(Exercise aim): If you see a picture in the data below, omit it and copy the rest exactly.

───── Exercise data

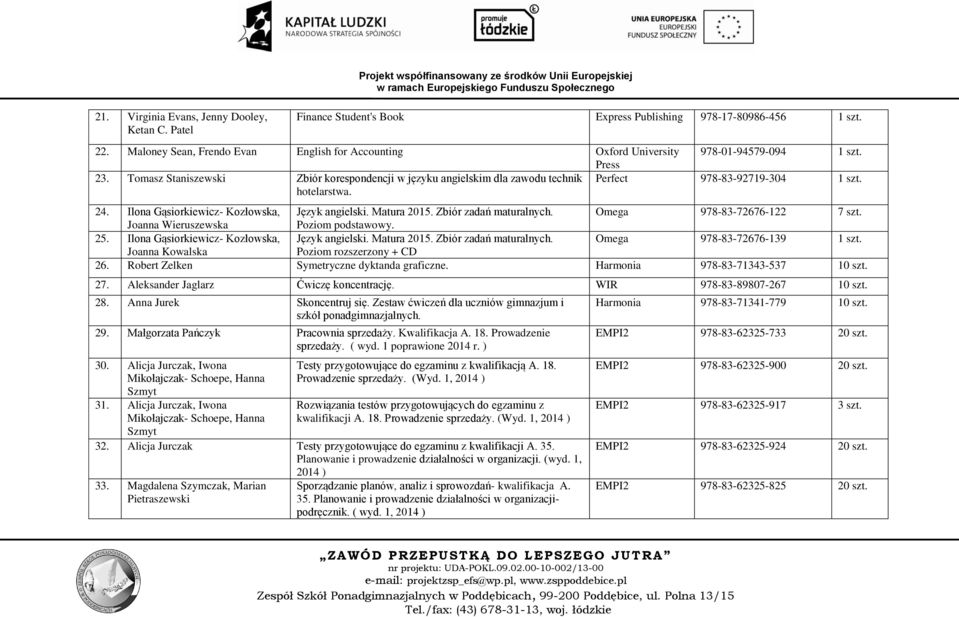 Perfect 978-83-92719-304 1 szt. 24. Ilona Gąsiorkiewicz- Kozłowska, Język angielski. Matura 2015. Zbiór zadań maturalnych. Omega 978-83-72676-122 7 szt. Joanna Wieruszewska Poziom podstawowy. 25.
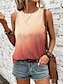 billige Tanks og camisole til kvinner-Dame Singleter Vest Nyanse Fargegradering Feriereise Trykt mønster Blå Ermeløs Etnisk Crew-hals Sommer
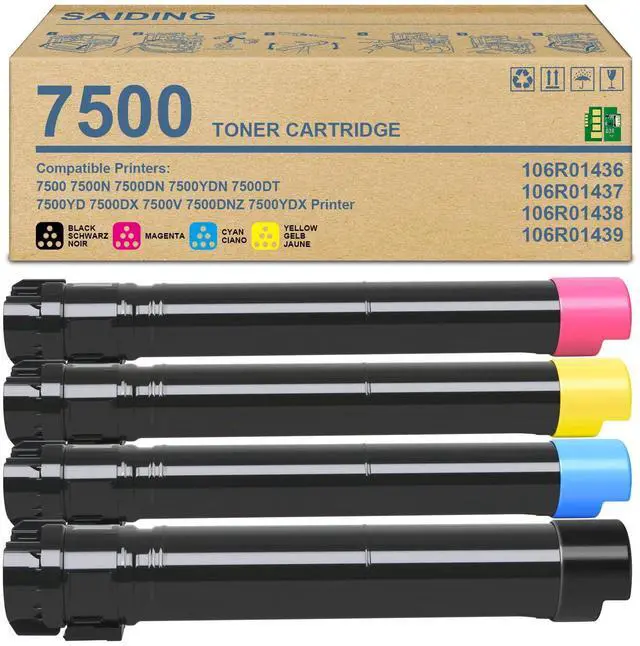 Main image of 7500 Toner Cartridge 106R01436 106R01437 106R01438 106R01439 | Compatible with Xerox Phaser 7500 7500N 7500DN 7500YDN 7500DT 7500YD 7500DX 7500V 7500DNZ 7500YDX Printer(4 Pack)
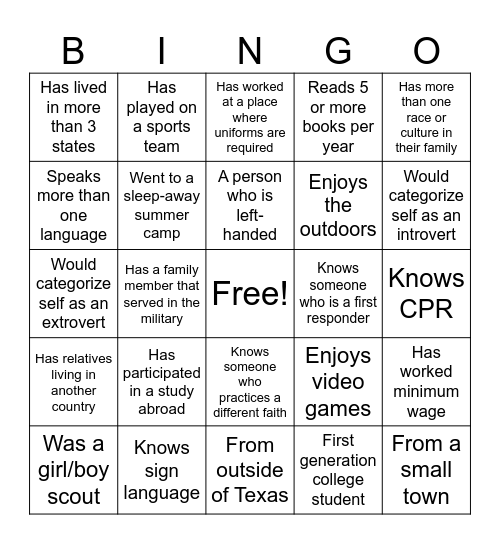 DEI BINGO Card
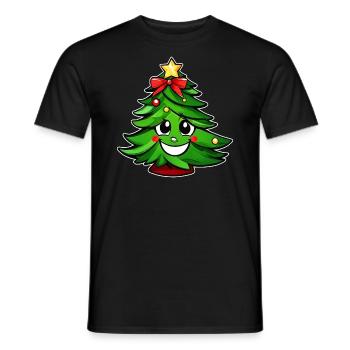 Joli sapin de Noël avec étoile - T-shirt homme - noir - Devant - AI Model Male 178 light (178cm)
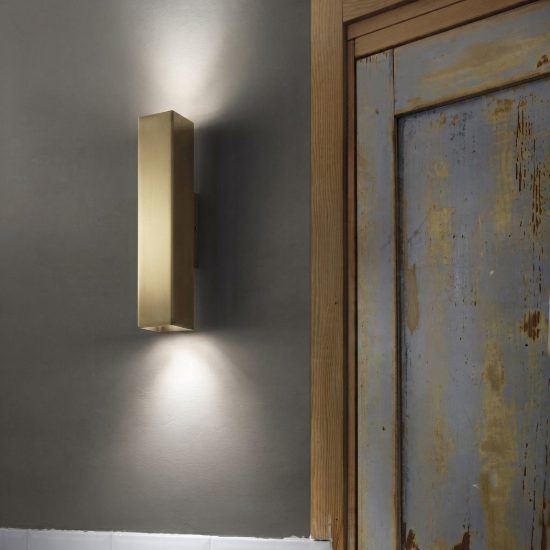Ideal lux look applique rettangolare 2 luci gu10 15cm per soggiorno contemporanea ottone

──────────

(Response for this exercise):
 Perfect 978-83-92719-304 1 szt. 24. Ilona Gąsiorkiewicz- Kozłowska, Język angielski. Matura 2015. Zbiór zadań maturalnych. Omega 978-83-72676-122 7 szt. Joanna Wieruszewska Poziom podstawowy. 25.
 billige Tanks og camisole til kvinner-Dame Singleter Vest Nyanse Fargegradering Feriereise Trykt mønster Blå Ermeløs Etnisk Crew-hals Sommer
 Main image of 7500 Toner Cartridge 106R01436 106R01437 106R01438 106R01439 | Compatible with Xerox Phaser 7500 7500N 7500DN 7500YDN 7500DT 7500YD 7500DX 7500V 7500DNZ 7500YDX Printer(4 Pack)
 DEI BINGO Card
 Joli sapin de Noël avec étoile - T-shirt homme - noir - Devant - AI Model Male 178 light (178cm)
Ideal lux look applique rettangolare 2 luci gu10 15cm per soggiorno contemporanea ottone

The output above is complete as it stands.